Fest steht, dass er seit Januar 2020 nicht mehr als Haus-Präfekt im Vatikan in Erscheinung getreten ist. Die Beurlaubung wurde jedoch nie "offiziell gemacht". Bis heute steht Gänswein im Päpstlichen Jahrbuch als Präfekt des Päpstlichen Hauses - ohne Hinweis auf seine Beurlaubung. Deshalb ist eine Rückkehr in die aktive Rolle des Präfekten keineswegs ausgeschlossen.
Zu jung für den Ruhestand
Mit 66 Jahren ist Gänswein jedenfalls zu jung für den erzbischöflichen Ruhestand, denn der tritt in der Regel erst mit 75 Jahren ein. Deshalb spekulieren Vaticanisti schon seit längerem darüber, ob sein nun noch einziger Dienstherr Papst Franziskus künftig noch anderes für ihn in petto hat.
Der im Vatikan gern bemühte Rückgriff auf historische Präzedenzfälle kann auch im Falle Gänsweins hilfreich sein. Angesichts der kirchenpolitischen Lage ist es zwar schwer vorstellbar, dass Franziskus ihn auf einen wichtigen Bischofsposten in der Heimat befördert - so wie es Benedikt seinerzeit mit dem Privatsekretär seines Vorgängers machte, als er Stanislaw Dziwisz im Juni 2005 zum Erzbischof von Krakau ernannte.
Eine mögliche Variante wäre allerdings die Ernennung Gänsweins zum Bischof in Bayern. Denn anders als in anderen deutschen Landen kann der Papst in den bayerischen Bistümern weitgehend frei entscheiden, wen er dort zum Bischof ernennt.

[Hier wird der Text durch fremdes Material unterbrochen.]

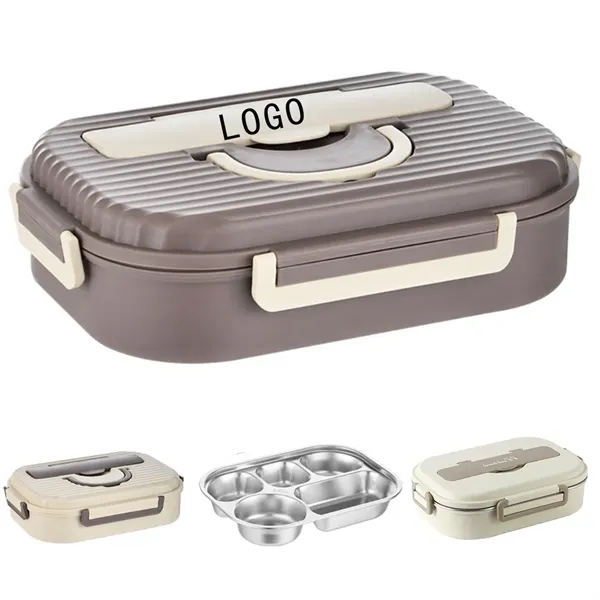 Lunchable Food Container With Utensils - Lunchable Food Container With Utensils - Image 0 of 4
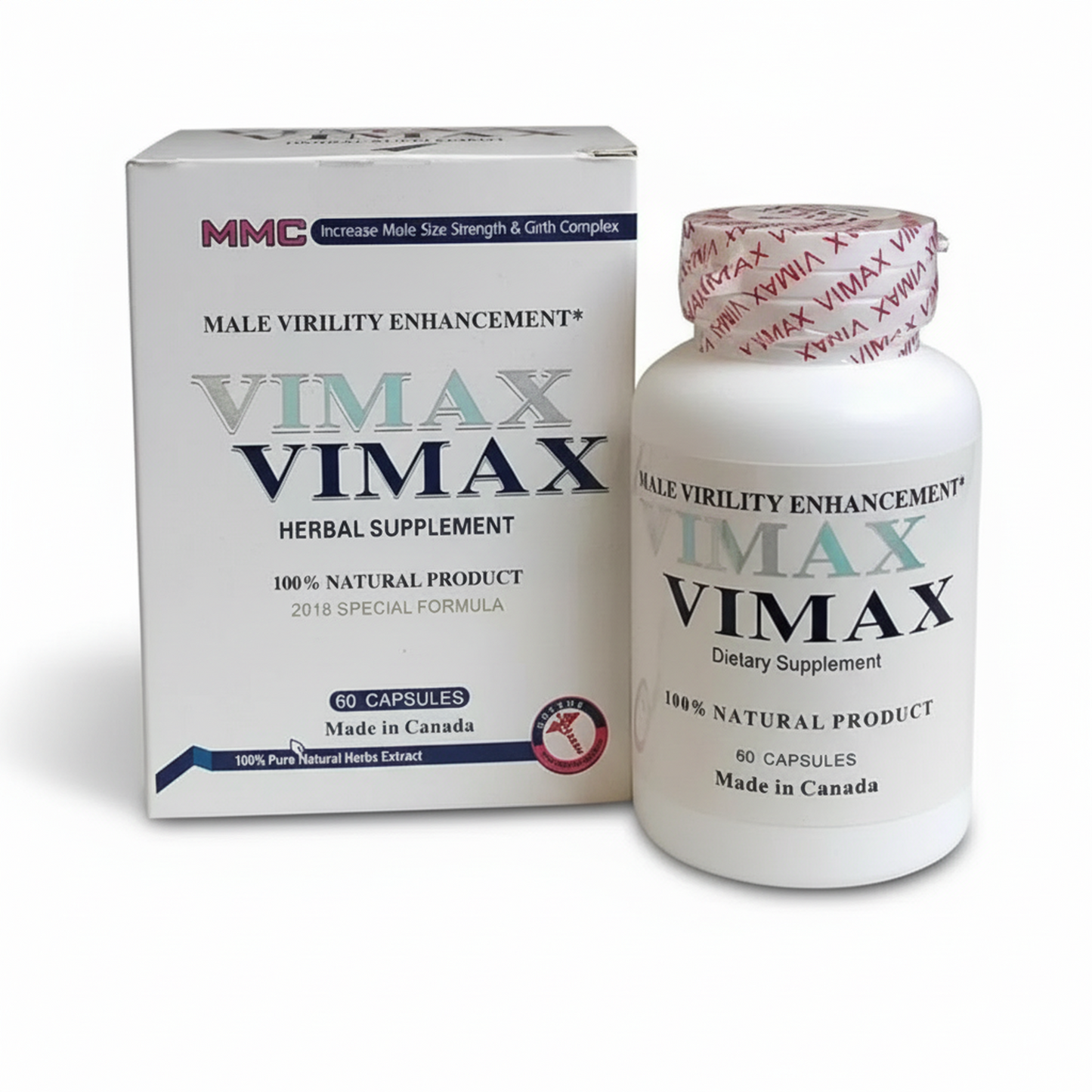 Vimax Herbal Supplement ( 60 Tablet )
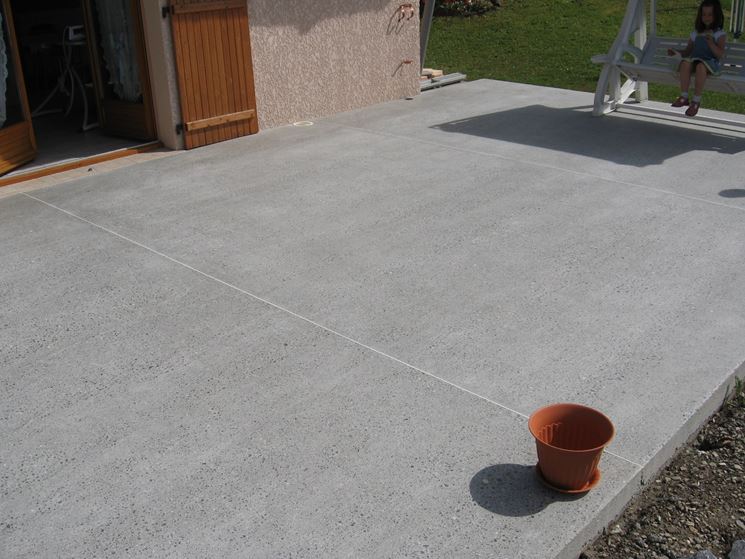 Pavimenti per esterni in cemento pavimentazioni pavimenti ... Pavimenti per esterni in cemento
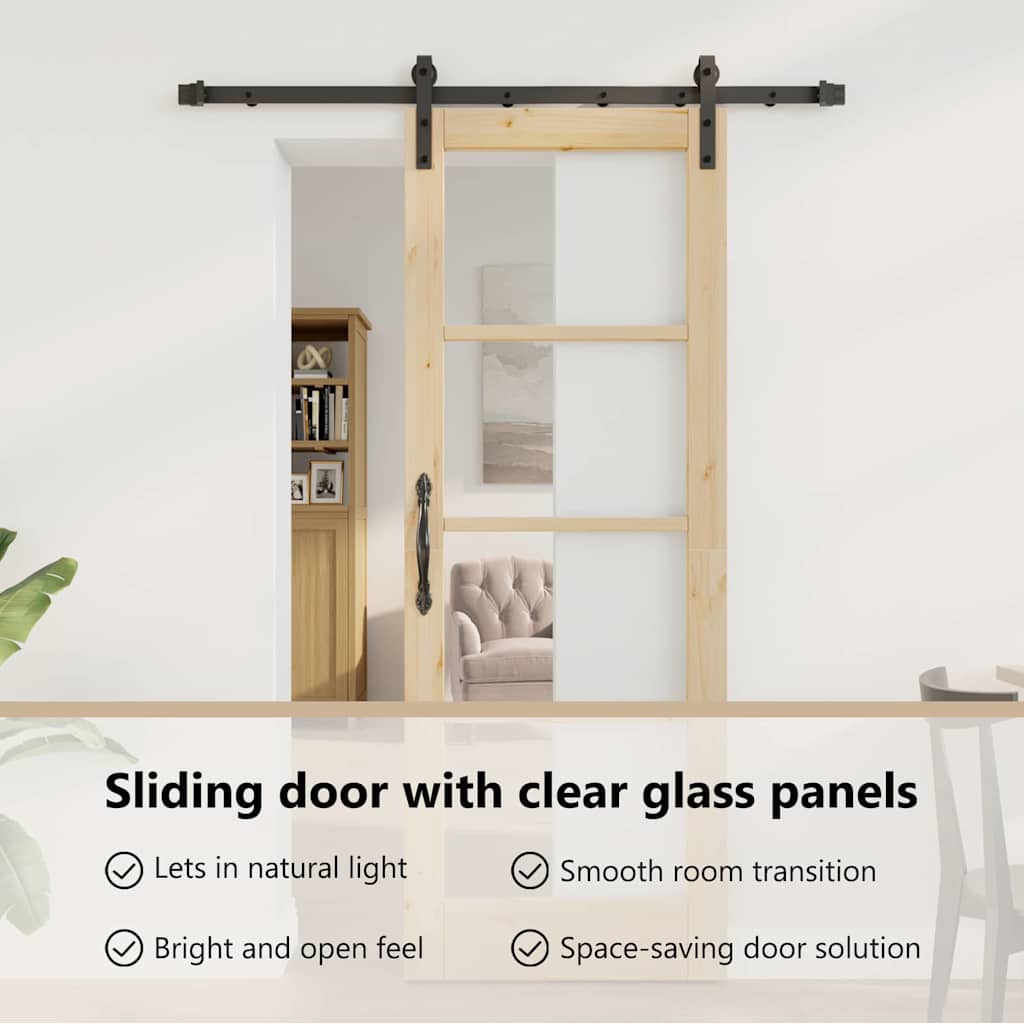 Sliding Door ORKDAL Natural 73.5 x 198.5 cm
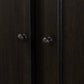 Whitman Cabinet - Smoked Black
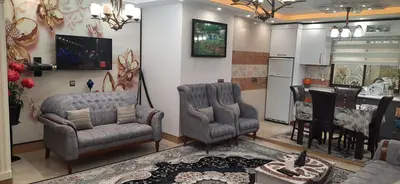 ویلا دوخوابه جنگلی استخردار سفید تمشک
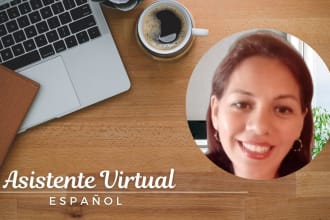 be your virtual assistant in spanish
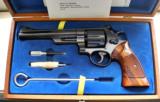 SMITH & WESSON 1955 MODEL 25-2 N FRAME 45 ACP REVOLVER - 2 of 5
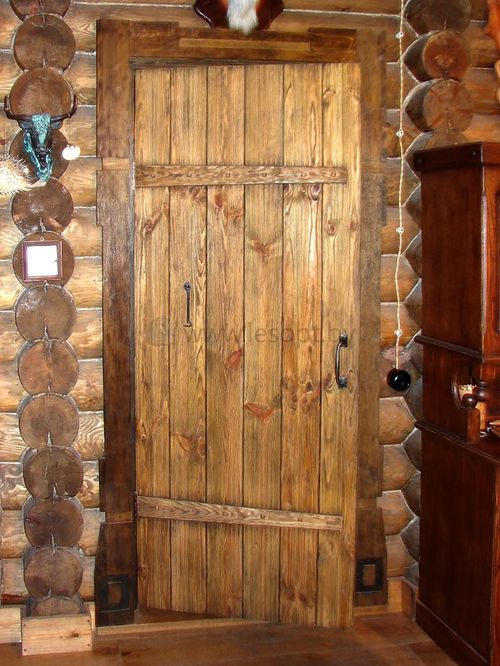 Двери В Баню Деревянные Фото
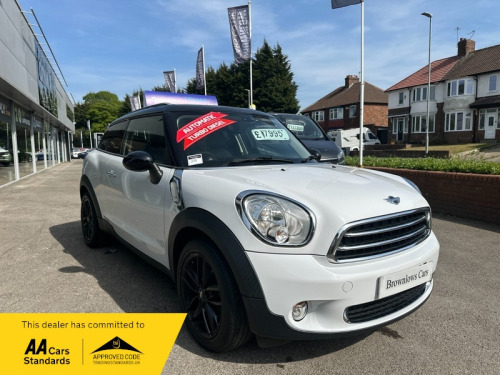 MINI Paceman  COOPER D AUTO DIESEL 72000 MILES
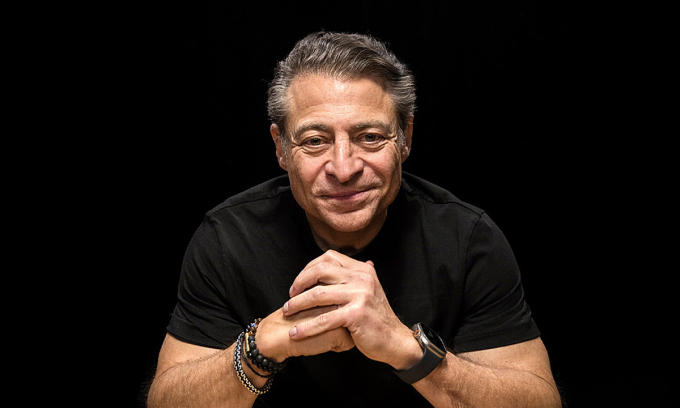 Peter Diamandis, doanh nhân người Mỹ gốc Hy Lạp. Ảnh: Rich Roll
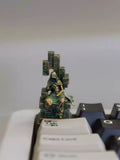 Geo Statue Seven Archons Resin Keycap Genshin Impact Artisan Keycap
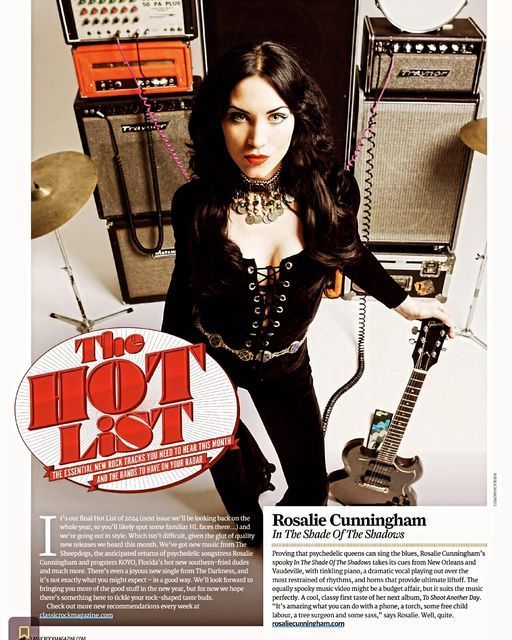 Check out @RosalieCunninghamOfficial and her impressive Traynor collection!
@ultimateclassicrock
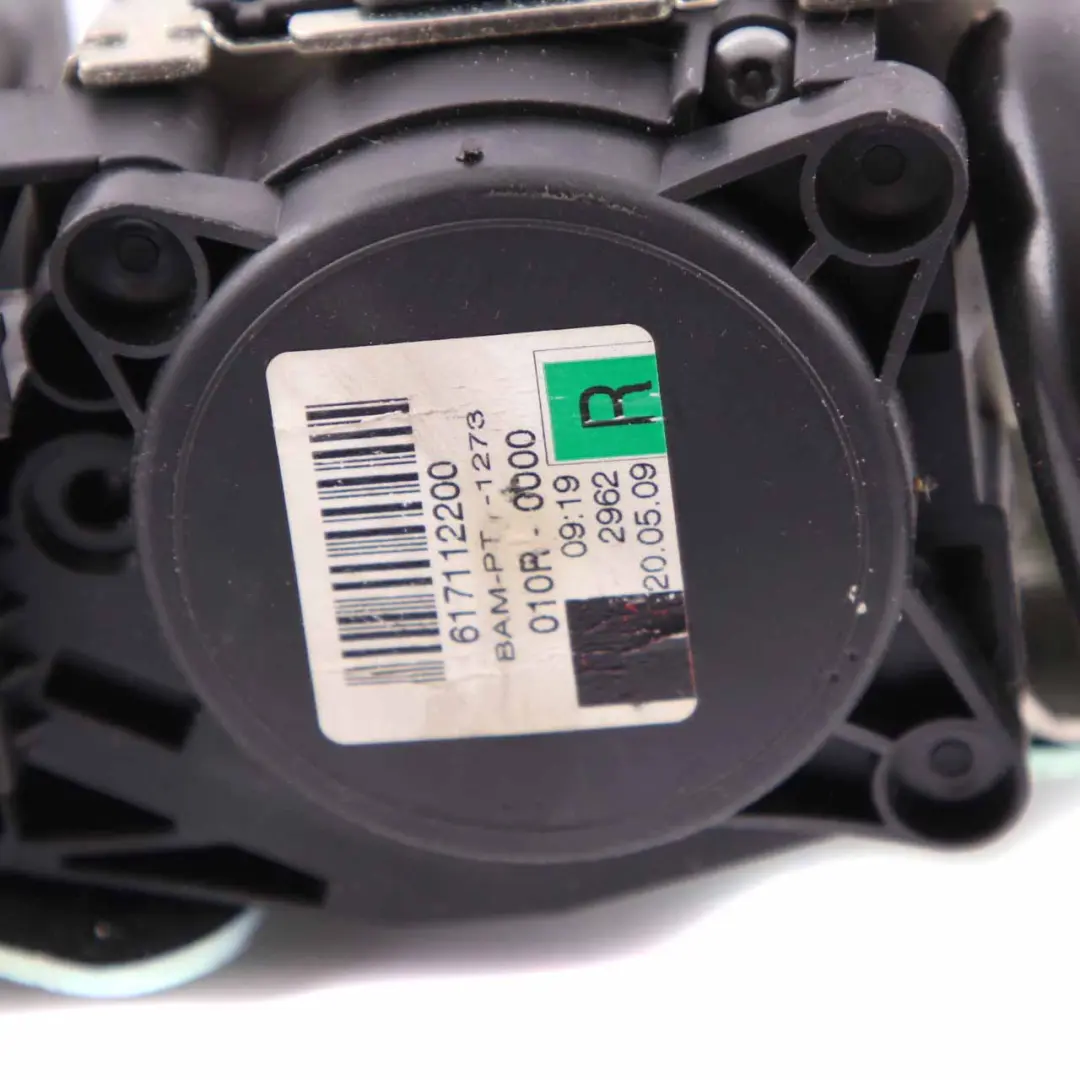 Mercedes W212 Oberer Gurt vorne rechts Schwarz Sicherheitsgurt - SKU A2128606685 - Teilenummer A2128606685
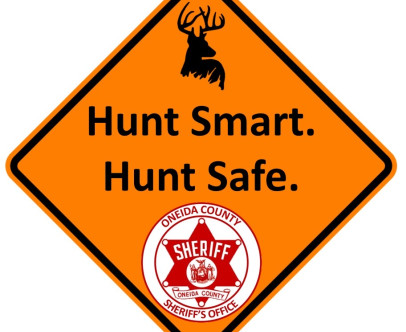 Saturday, November 18th is the opening day of Deer Rifle…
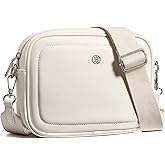 BOSTANTEN Small Crossbody Bags for Women Vegan Leather Shoulder Purses Trendy Small Handbags with Paracord Strap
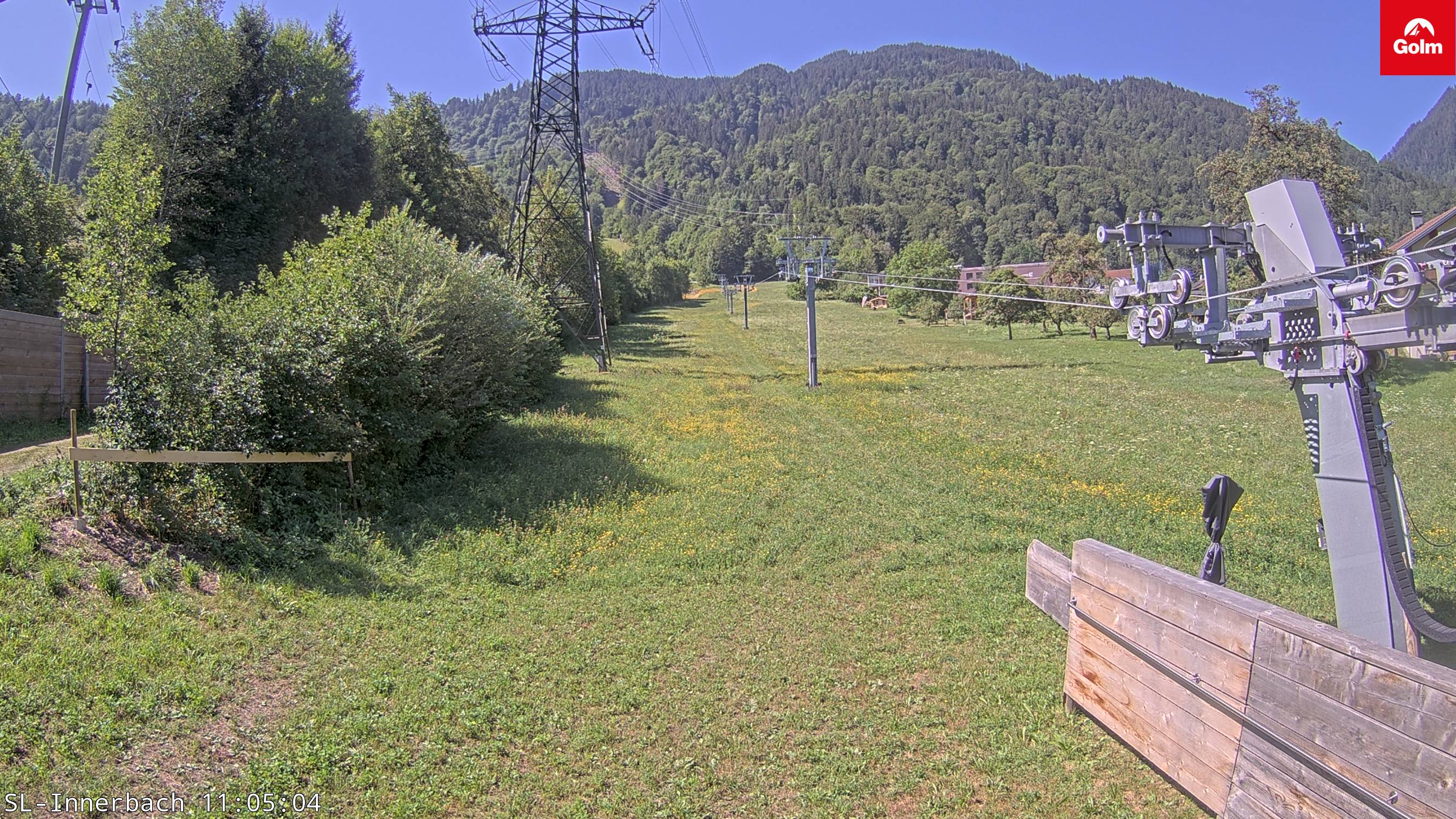 Golm | Schlepplift Innerbach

Eine Stufe darunter wäre die Ernennung zum Leiter einer großen Wallfahrtsstätte, wovon es nicht nur in Bayern einige gibt. Damit würde Gänswein dann in die Fußstapfen gleich zweier päpstlicher Privatsekretäre der vergangenen Jahrzehnte treten: Der getreue Assistent von Johannes XXIII., Loris Capovilla, wurde vom Nachfolger-Papst Paul VI. zunächst zum Erzbischof von Chieti und später zum "Päpstlichen Delegaten" für den großen italienischen Marienwallfahrtsort Loreto ernannt - und blieb dort bis 1988. Dann übernahm ein anderer ehemaliger päpstlicher Privatsekretär diese Stelle: Pasquale Macchi, der seinerseits Paul VI. gedient hatte.
Denkbar wäre auch die Entsendung Gänsweins als Apostolischer Nuntius an einen "angemessenen" Posten - vorzugsweise in Europa oder auf dem amerikanischen Kontinent. Erfahrungen auf dem diplomatischen Parkett hat der polyglotte Kirchenjurist in seiner aktiven Zeit als Präfekt des Päpstlichen Hauses reichlich gesammelt.
Eine weitere Variante wäre eine Lehrtätigkeit als Kirchenrechtler an einer der Päpstlichen Universitäten in Rom. Zunächst aber sorgte er in mehreren Interviews zu Benedikt XVI. für Aufsehen und dadurch, dass mehrere Bücher mit seiner Mitwirkung angekündigt wurden - unter anderem "Nichts als die Wahrheit". Laut Verlagsankündigung enthüllt Gänswein darin unter anderem "die Wahrheit über die Manöver und Angriffe, die während des Pontifikats gegen den damaligen Papst in Gang gesetzt wurden".